### Data below:
----
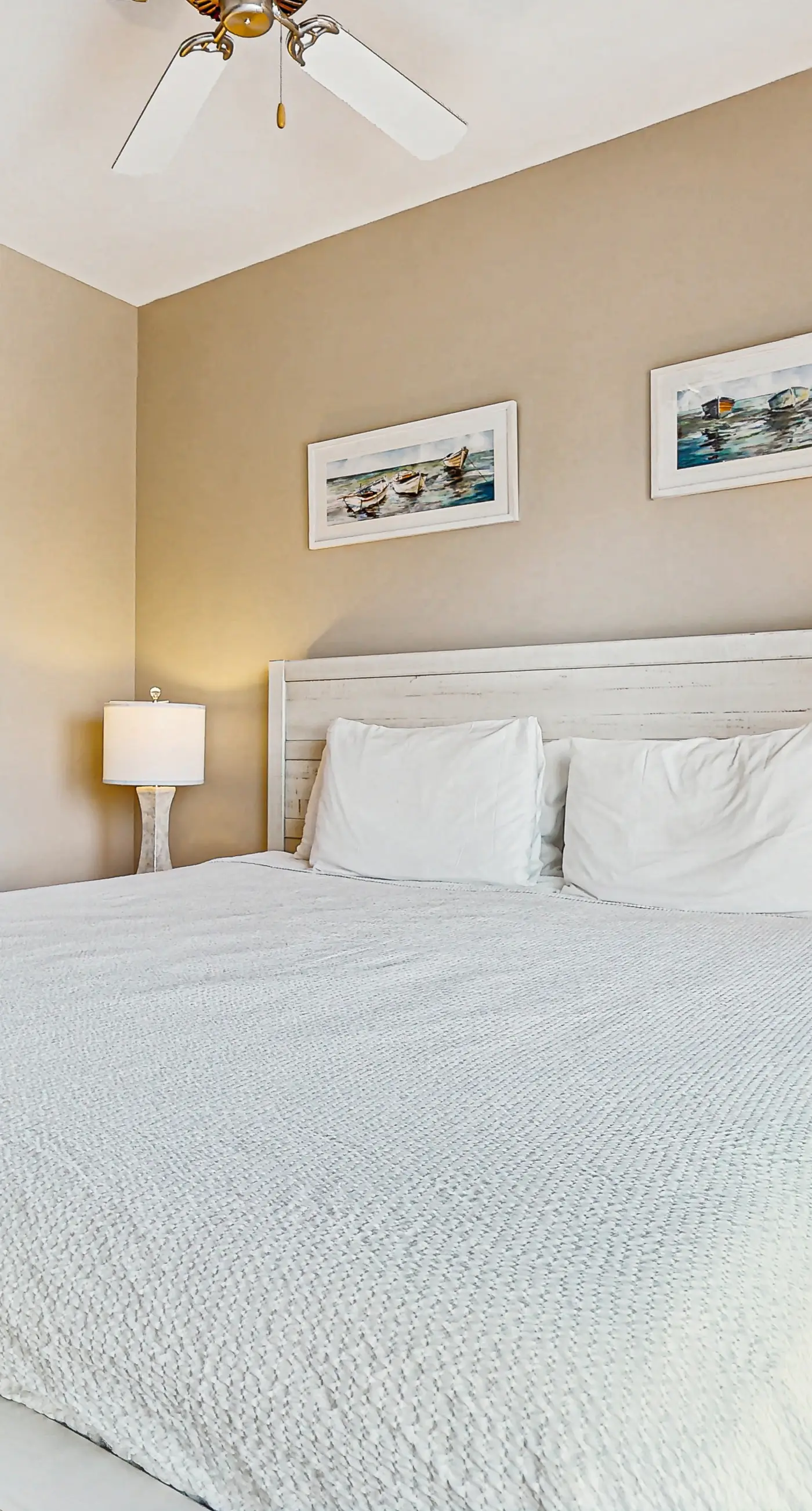 Dreamy coastal condo w/ ocean view on-site pool, hot tub & easy beach access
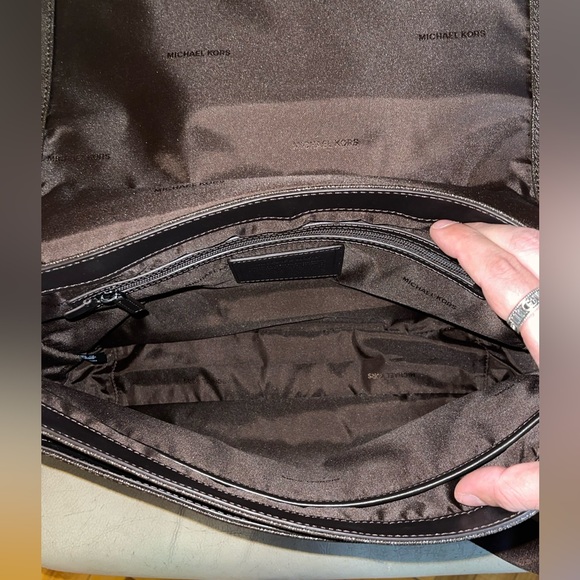 Auth:Jet Set Michael Kors Large Laptop Dossier Messenger Bag RFID (UNISEX) BNWOT - Picture 7 of 16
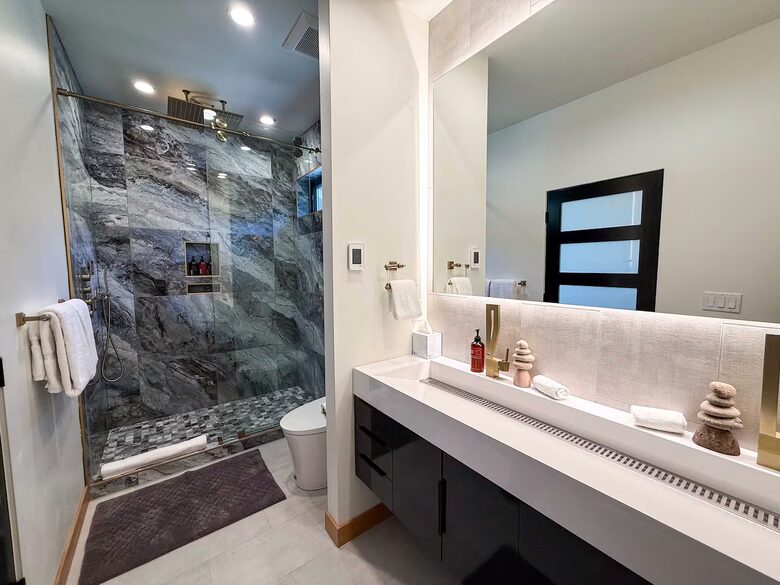 Whitefish Mountain Ski-In/Ski-Out Retreat with Rooftop Deck - Whitefish, Montana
----
### Task brief:
Starting at the line that contains "Auth:Jet Set Michael", restate each line verbatim through the final line of the listing, skipping all pictures.

### Solution for this exercise:
 Auth:Jet Set Michael Kors Large Laptop Dossier Messenger Bag RFID (UNISEX) BNWOT - Picture 7 of 16
 Whitefish Mountain Ski-In/Ski-Out Retreat with Rooftop Deck - Whitefish, Montana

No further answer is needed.